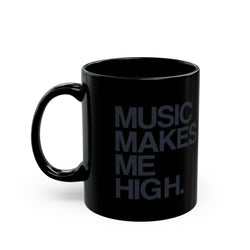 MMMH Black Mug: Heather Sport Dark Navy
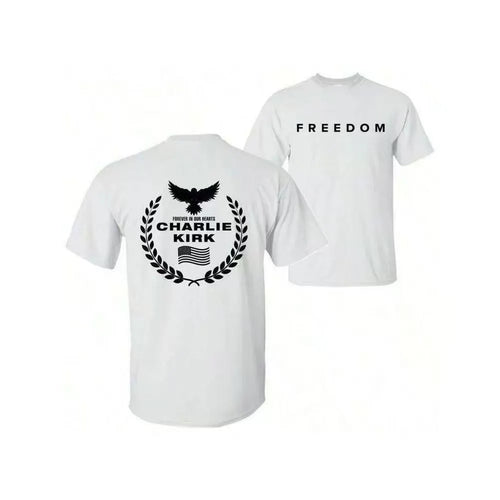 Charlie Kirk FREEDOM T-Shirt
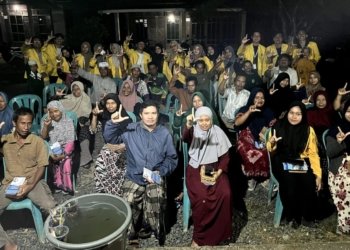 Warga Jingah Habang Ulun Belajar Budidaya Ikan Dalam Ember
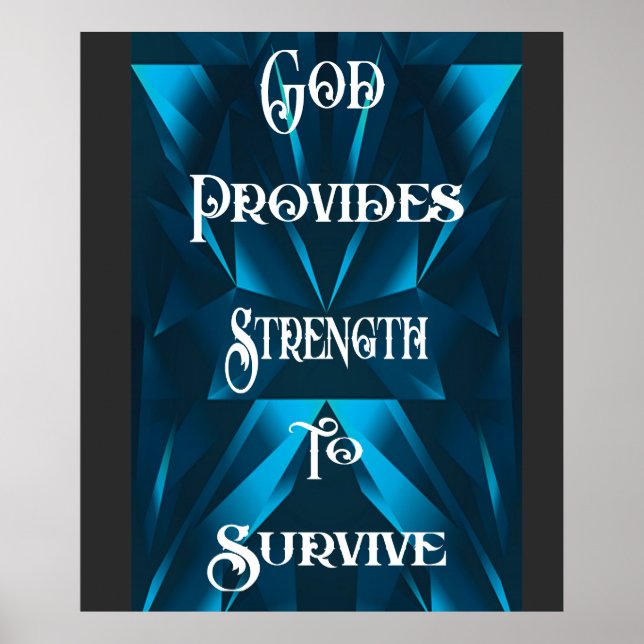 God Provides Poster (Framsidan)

TO DO
Skip all pictures. Write out only the lines from the one containing "Charlie Kirk FREEDOM T-Shirt" to the end of the listing above, inclusive, exactly as given.

RESPONSE BOX
 Charlie Kirk FREEDOM T-Shirt
 Warga Jingah Habang Ulun Belajar Budidaya Ikan Dalam Ember
 God Provides Poster (Framsidan)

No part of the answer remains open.